I could not agree more, and I do think the intersection of two 
trends creates tremendous opportunity for D.  It's also 
commonsensical to look at notable successes - and I hope it is 
not just my biases that lead me to think many of these are in 
just this kind of application.  Data sets keep getting larger 
(but not necessarily more information rich in dollar terms), and 
Moore's Law/memory speed+latency is not keeping pace.  This is 
exactly the kind of change that creeps up on you because not much 
changes in a few months (which is the kind of horizon many of us 
tend to think in).

People say "what is D's edge", but my personal perception is 
"where is the competition for D" in this area.  It has to be 
native code/JIT, and I refuse to learn Java; it also should be 
plastic and lend itself to rapid iteration.

> at the same time there's growing discontent among researchers, 
> scientists and engineers as regards performance, simply because 
> the data sets are becoming bigger and bigger every day and the 
> algorithms are getting more and more refined.

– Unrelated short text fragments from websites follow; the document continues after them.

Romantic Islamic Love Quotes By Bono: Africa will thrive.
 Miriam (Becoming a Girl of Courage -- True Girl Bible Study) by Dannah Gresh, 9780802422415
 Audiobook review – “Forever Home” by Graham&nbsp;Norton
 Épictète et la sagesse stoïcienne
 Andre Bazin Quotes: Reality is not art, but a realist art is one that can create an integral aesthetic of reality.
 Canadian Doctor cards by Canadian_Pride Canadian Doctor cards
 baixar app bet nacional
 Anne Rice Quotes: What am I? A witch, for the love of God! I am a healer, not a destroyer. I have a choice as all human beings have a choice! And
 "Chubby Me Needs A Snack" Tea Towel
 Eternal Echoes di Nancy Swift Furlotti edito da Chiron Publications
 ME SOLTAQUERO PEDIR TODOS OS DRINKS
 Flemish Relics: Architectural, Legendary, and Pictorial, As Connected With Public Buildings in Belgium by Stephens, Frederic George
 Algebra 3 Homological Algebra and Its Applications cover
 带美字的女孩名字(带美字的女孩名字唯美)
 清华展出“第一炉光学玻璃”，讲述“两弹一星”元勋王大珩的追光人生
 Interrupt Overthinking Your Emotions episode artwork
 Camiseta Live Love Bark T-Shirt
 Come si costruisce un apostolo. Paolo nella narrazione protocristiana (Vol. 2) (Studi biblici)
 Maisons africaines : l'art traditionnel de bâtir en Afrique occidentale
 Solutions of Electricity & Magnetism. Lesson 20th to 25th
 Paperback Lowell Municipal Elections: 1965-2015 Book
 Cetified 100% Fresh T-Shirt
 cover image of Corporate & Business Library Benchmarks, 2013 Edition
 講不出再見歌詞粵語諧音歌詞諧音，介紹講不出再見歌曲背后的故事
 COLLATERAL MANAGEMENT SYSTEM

Sooner or later 
> people will have to find new ways, out of sheer necessity.

upvote.  I would love to see any references you have on this - 
not because it's not rather obvious to me, but because it is 
helpful when talking to other people.

> Don't forget that "the state of the art" can change very 
> quickly in IT and the name of the game is anticipating new 
> developments rather than taking snapshots of the current state 
> of the art and frame them. D really has a lot to offer for data 
> processing and I wouldn't rule it out that more and more 
> programmers will turn to it for this task.

I fully agree.  If we started a section on use cases, would you 
be able to write a page or two on D's advantages in data 
processing?